Energy companies were top performers last week, as fears about OPEC’s continuation of oil production cuts subsided. Financials, especially banks, also posted gains as politicians in Washington, DC turned their attention toward regulatory reform in the financial services sector. In contrast, the utilities sector and gold underperformed as investors shifted away from defensive, “safe” assets.
Internationally, economic reports out of Europe were also positive–with the German business climate and Italian manufacturing confidence both beating expectations. Latin American stock markets followed commodity prices higher, while Chinese stocks underperformed due to fears about governmental financial curbs on the real estate sector.
In the fixed-income markets, high-yields bonds were the top performers as they benefited from rising commodity and stock prices.

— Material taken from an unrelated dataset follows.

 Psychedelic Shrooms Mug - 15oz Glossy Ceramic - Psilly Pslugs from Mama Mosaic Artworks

International government bonds underperformed, due mainly to weakness in the Japanese bond market over concerns about the Bank of Japan’s decision to continue its accommodative monetary policy in April.

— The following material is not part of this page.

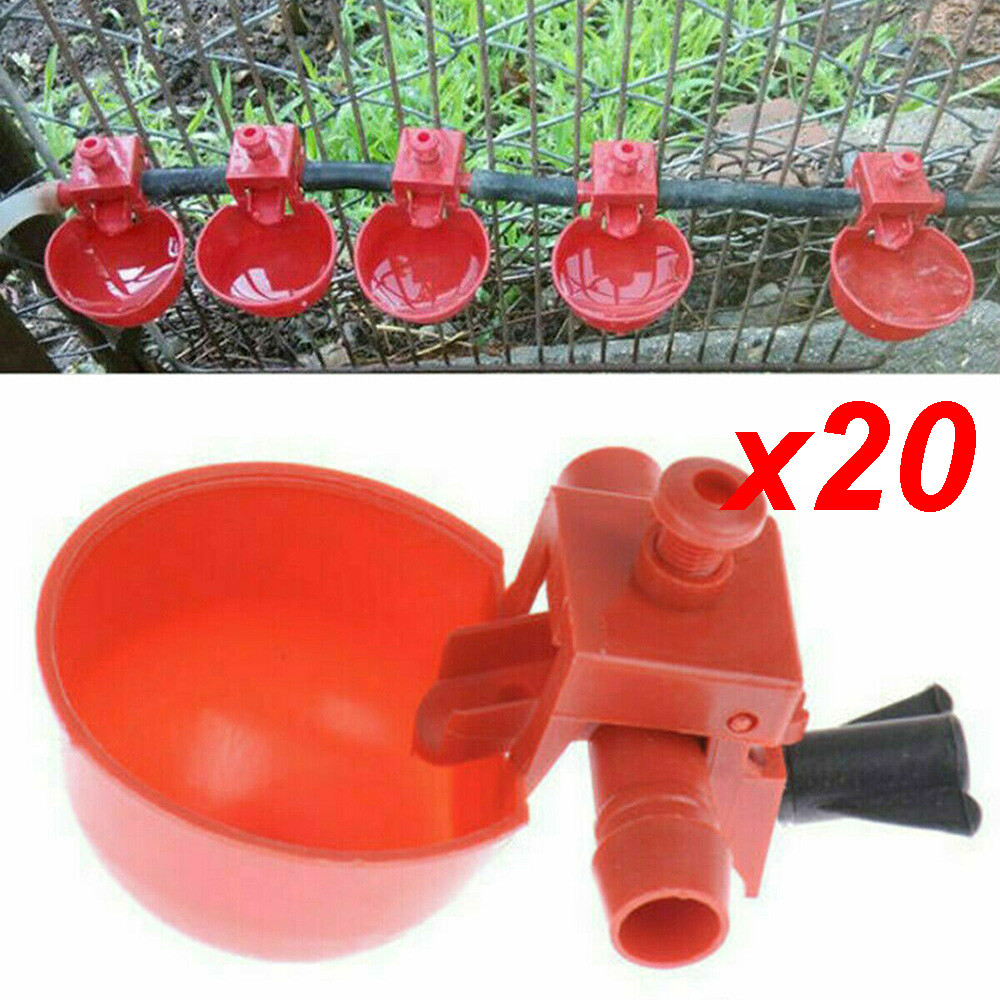 10/20PC Poultry Water Drinking Cups Chicken Hen Plastic Automatic Drinker Quail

GAIN: Active Asset Allocation
U.S. stocks bounced back last week from the volatility they experienced in the wake of the failed attempt to replace the Affordable Care Act, and easily outpaced foreign stocks during the final week of the first quarter. In general, last week saw a reversal of the previous week—with value outperforming growth as the financial services and energy sectors gained ground.
Overseas, we continue to maintain a direct position in emerging markets due to their performance and the outlook for that asset class.
Meanwhile, bond prices rose, led by corporate credits and high-yield bonds. The Gain portfolios’ overweight to credit remains in place.
PROTECT: Risk Assist
Global equities moved higher last week, while volatility pressed lower. In that environment, Risk Assist portfolios remained positioned to capture those gains. Within the portfolios, however, we made some modest adjustments:
- Increase exposure to Europe and emerging markets
- Reduce exposure to U.S. small-company stocks and large-company value stocks
These moves to increase international exposure reflect that the Trump administration may face headwinds from Congress as it seeks to implement its agenda, which in turn could potentially dampen the performance of certain domestic asset classes.
Risk Assist’s flexibility to hedge selectively was beneficial during the quarter, as we were able to position the portfolios to participate in the generally positive results from global markets.
SPEND: Real Spend
Real Spend’s equity-based approach to retirement income was beneficial during the quarter, as stocks handily outpaced bonds. All Real Spend portfolio models will be rebalanced to their maximum spending reserve allocations this week.
It’s important to note that while inflation expectations rose marginally over the quarter, inflation risk remains largely under control in the current environment.